Senior Hank Freese first got the idea for an Augustana chapter of Backcountry Hunters and Anglers while he was driving home from Minneapolis this past fall.
As he journeyed home, he tuned into the MeatEater podcast as he does every Monday. In this particular episode, a Backcountry Hunters and Anglers board member described membership benefits and the organization’s purpose.
Freese was intrigued. At his next stop, he pulled out his phone and signed up.
“I joined BHA at, like, a gas pump,” Freese said.
Once he arrived home, he searched through the organization’s website to learn more about their mission. Not long after, he and his friend, junior Cooper Benning, had started the process of bringing the first ever South Dakota Backcountry Hunters and Anglers collegiate chapter to campus.
Backcountry Hunters and Anglers is a nonprofit organization dedicated to both educating and working with the public to preserve North America’s “natural setting” of outdoor fishing and hunting. Their efforts advocate for “wild public lands, waters and wildlife.”
Currently, almost all 50 states and parts of Canada house Backcountry Hunters and Anglers chapters. Many of these state-wide chapters also include collegiate chapter programs.
Senior and avid hiker, Noah Hovorka, recently joined the Augustana Backcountry Hunters and Anglers chapter and said he enjoys going on hikes.
“This feels like the easiest and, you know, simplest way to go about doing that with Augustana students,” he said.
Emily Fairbanks, hunter and Augustana senior, expressed a similar interest. She considers hunting’s quiet nature scene to be relaxing. If she wasn’t graduating this spring, she said she would have loved to join the chapter.
“I think it would have been nice to get to know more of the community around who hunts,” Fairbanks said. “I think it’s a great idea. I think it will be well attended.”
Freese, the chapter’s president, and Benning, the chapter’s vice president and an ASA senator, proposed the club to ASA on April 3. Besides his own abstention, Benning said the senate unanimously approved the club. Freese noted that the club will hold more social events this year but won’t really be underway until next semester.

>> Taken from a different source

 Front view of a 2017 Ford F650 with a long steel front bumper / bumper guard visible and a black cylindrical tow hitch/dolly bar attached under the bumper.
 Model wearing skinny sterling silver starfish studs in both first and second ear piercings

While the chapter’s name implies a strong focus on hunting and fishing, Freese said the chapter offers much more. According to Freese, the chapter’s focus breaks down into three parts: hunting and hunting education, fishing and fishing education and anything else that relates to the outdoors.
“It’s open to any outdoor recreation on public land,” Freese said.

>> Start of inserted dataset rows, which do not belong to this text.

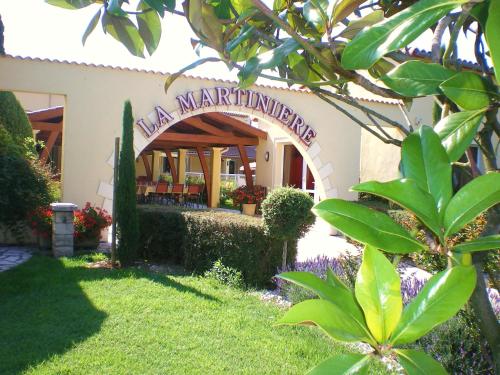 a building with a sign that reads main mariculture at Hotel Restaurant La Martiniere in Montélier
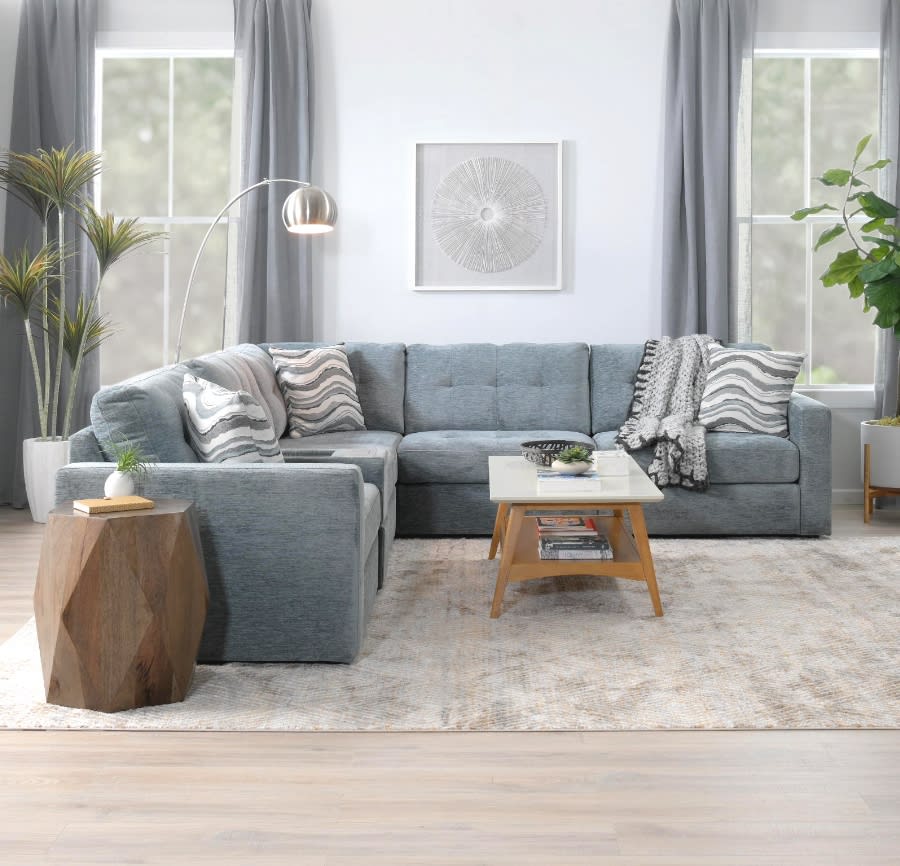Gray modular sectional with accent pillows and throw blanket, wooden prism side table, and coffee table.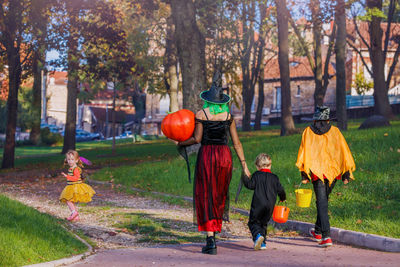 Rear view of people in park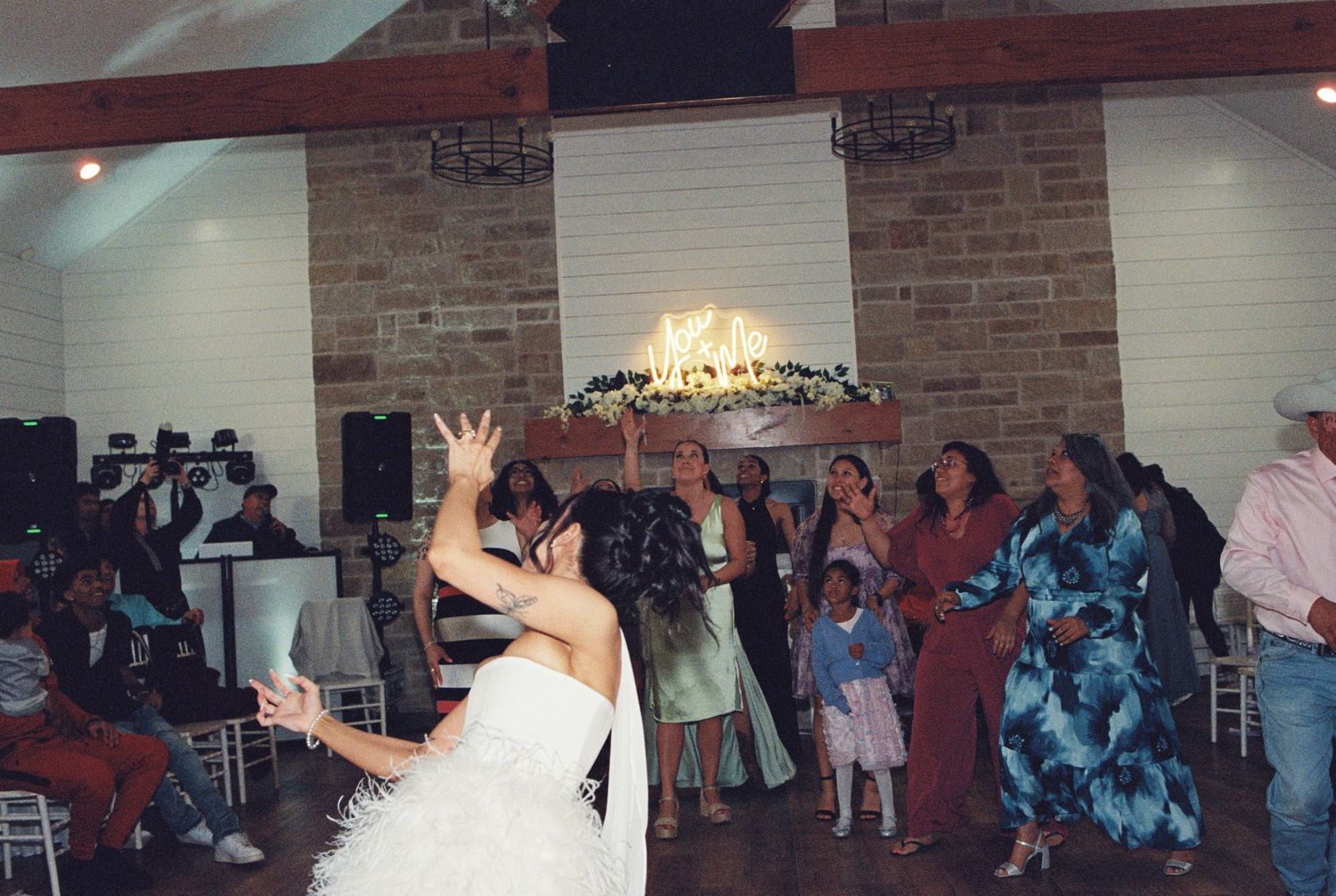 A person in a wedding dress throws their bouquet during the traditional reception toss.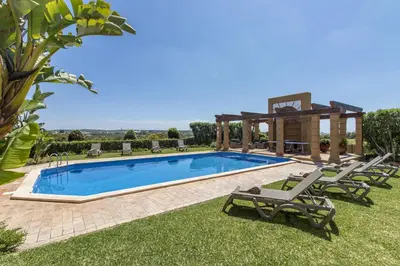 a villa with a swimming pool and a gazebo at Quinta Dionysus in Albufeira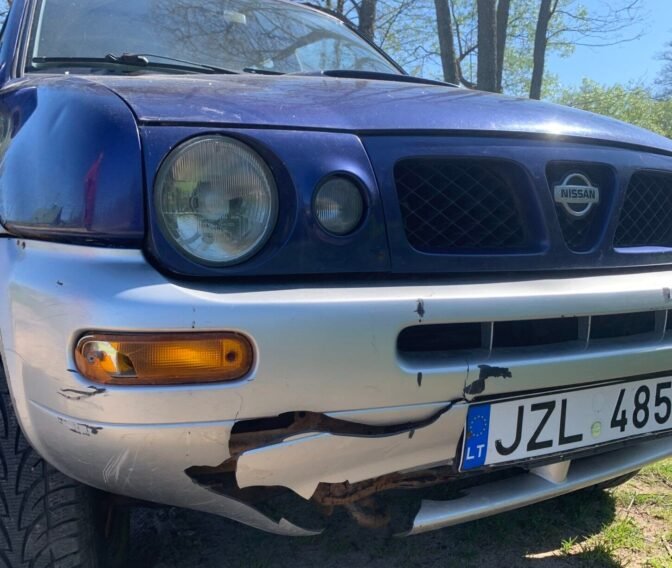 Mėlynas Nissan visureigis su sudaužytu priekiniu bamperiu po virtimo ant šono.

The chapter prioritizes educating students on the opportunities of South Dakota’s almost 5 million acres of public land. Freese said they want to make more people aware that this public land exists “and then how to take care of it, and how to use it in ways that minimize damage, so that people will be able to use it for years and years to come.”
Freese said the outdoors also acts as a mental health resource. He views the outdoors as an escape from daily struggles. As president of Augustana’s Backcountry Hunters and Anglers chapter, he will introduce others to the same benefits. He said he wants to help provide a healing resource by exposing more students to the outdoors.

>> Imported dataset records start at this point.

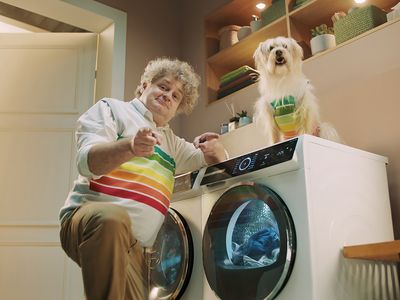 un hombre y un perro en una lavander&iacute;a moderna. A la derecha, un c&iacute;rculo verde con el texto "Reembolso hasta 150 &euro;". Detr&aacute;s, estantes con toallas y una planta.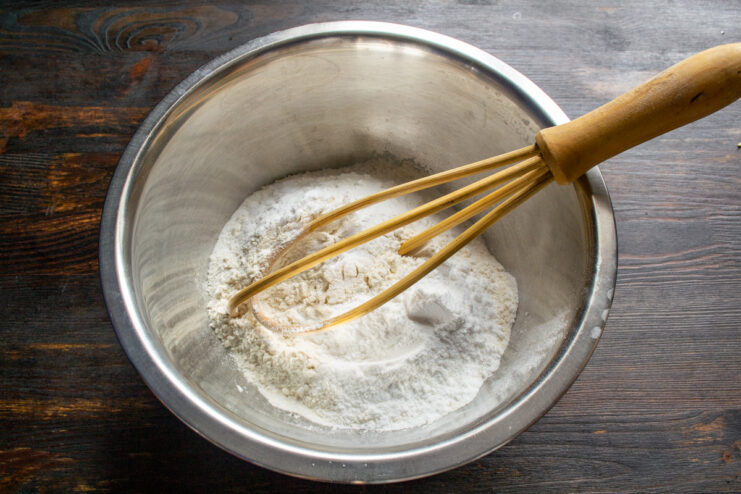 Sifting flour and adding dry ingredients into a mixing bowl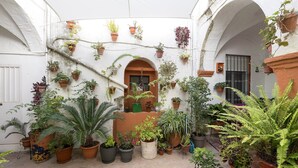 A courtyard with various potted plants and a central archway.
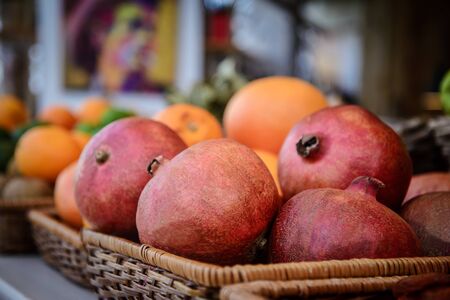 Large, bright, red pomegranatein the wicker basketの写真素材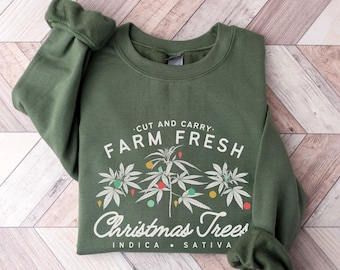 Può includere: Una felpa verde con la scritta "Cut and Carry. Farm Fresh Christmas Trees Indica Sativa" stampata sul davanti.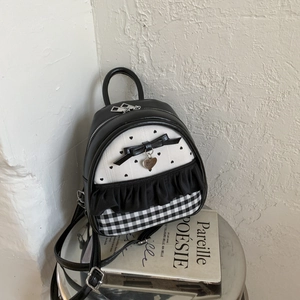 Detailed view of mini backpack featuring heart prints, bows, ruffles and checkered patterns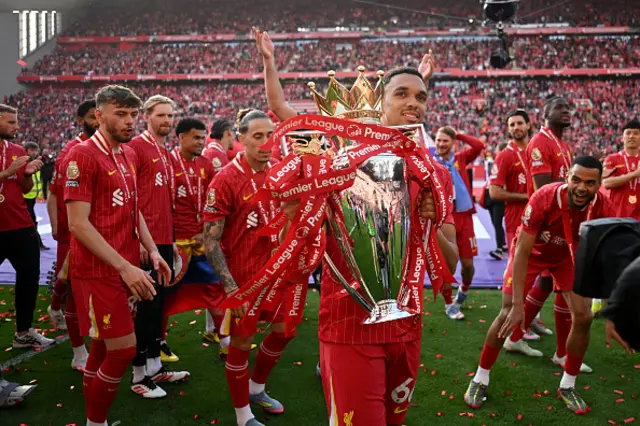 Trent Alexander-Arnold celebrates with the Premier League trophy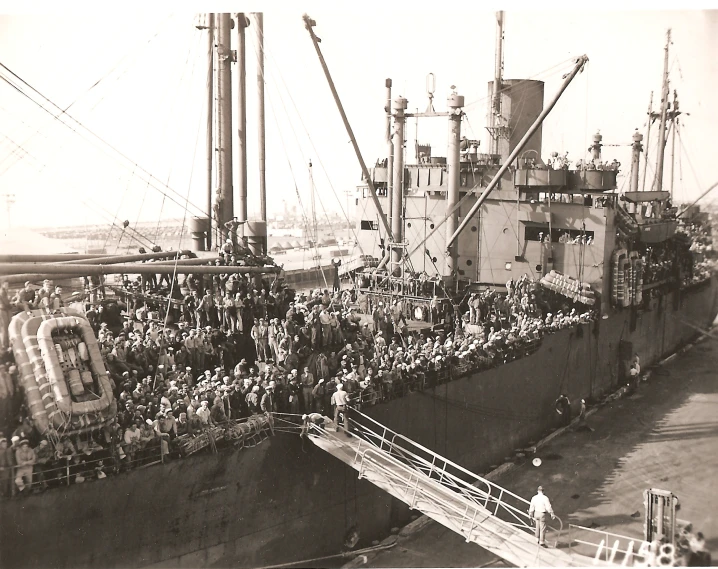 black and white pograph of large group of people near a large ship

“I just think it would be such a powerful thing that we can do,” Freese said.
Benning said many students are involved with the outdoors in their hometowns, but once they come to Augustana, the outdoors become somewhat unfamiliar, or they become a lesser priority. As a result, Benning said these students may find it hard to express their passion for the outdoors with other like-minded people.
Benning said the board wants to create a space for these students. According to Freese, campus outreach will help create this space in three ways: building community on campus, community outreach and infrastructure.
They plan to build community on campus through small, low stress events. This includes professor and student speakers and casual conversation. These social events look like “where you just sit down over a bonfire, over playing some cards, over coffee, and you just exchange and swap outdoor stories and activities,” Benning said.
Freese said that bigger community outreach events could include out of state speakers, getting community members on campus and getting students out in the community.
Both Benning and Freese said they hope to create some type of infrastructure on campus, like gear sheds or game lockers.
The Backcountry Hunters and Anglers chapter is student led. The board is made of four students, with secretary and sophomore Weston Peschel and treasurer and junior Matthew Schoessow completing the leadership.
The student-led aspect allows for the chapter to better adjust to members’ interests.
“I think we’ll have a little bit more creative freedom,” Benning said.
For example, Freese said if the students at the time show a greater interest in bird watching, the chapter will focus more on that.
“That’s kind of the power of it being student-led,” Freese said.
Benning said the Backcountry Hunters and Anglers chapter will also host socials in addition to events.
Earlier this semester, the chapter hosted an ice cream social, and set up a table in the Commons to share more about the Backcountry Hunters and Anglers as a nonprofit and chapter at Augustana.
The Augustana Backcountry Hunters and Anglers chapter will also host a weekly trash clean-up on South Dakota public lands. According to Freese, the clean-ups provide an opportunity to explore the outdoors.
Students do not need to join the North American organization and pay the fee. They can simply attend the Augustana chapter’s events. The board is working to create an official email and social media accounts that students can message with questions.